In the listing that follows, find the line with "Saxifraga bryoides", then copy exactly from it through the line with "学校林荫路上同学看书学习背景图片", leaving out every picture.

*** Opening TASK DATA ***

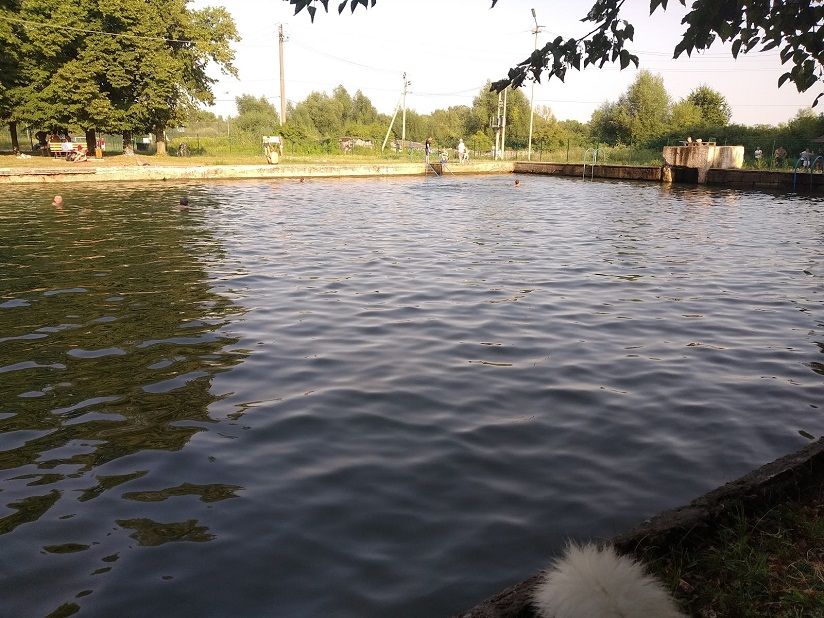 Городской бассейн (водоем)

*** Closing TASK DATA ***
*** Opening TASK DATA ***

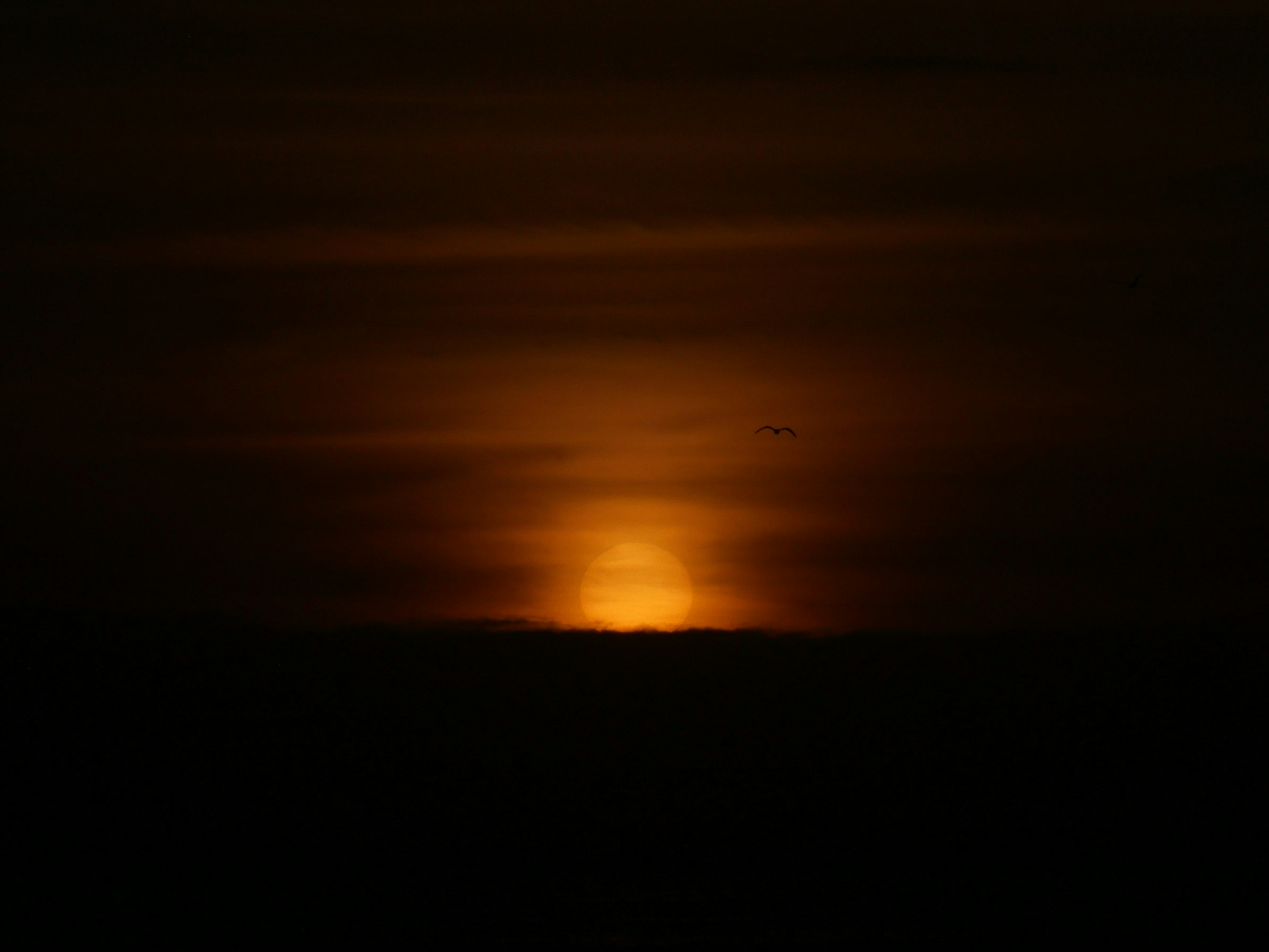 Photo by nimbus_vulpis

*** Closing TASK DATA ***
*** Opening TASK DATA ***

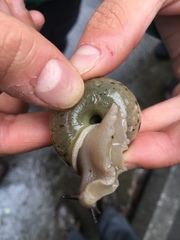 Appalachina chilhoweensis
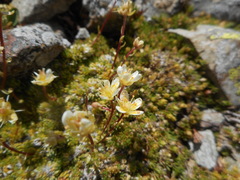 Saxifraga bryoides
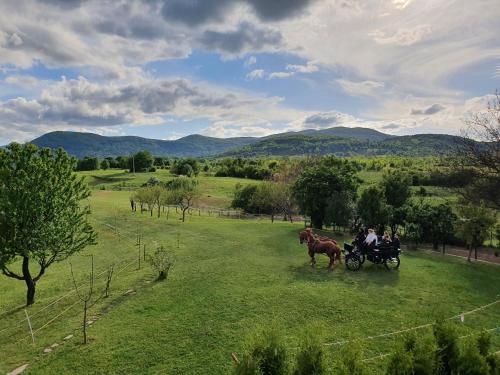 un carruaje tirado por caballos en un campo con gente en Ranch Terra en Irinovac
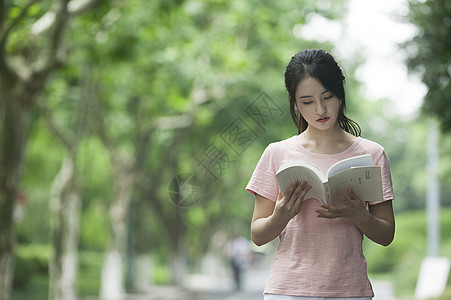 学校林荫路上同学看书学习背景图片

*** Closing TASK DATA ***

*SOLUTION*:
 Saxifraga bryoides
 un carruaje tirado por caballos en un campo con gente en Ranch Terra en Irinovac
 学校林荫路上同学看书学习背景图片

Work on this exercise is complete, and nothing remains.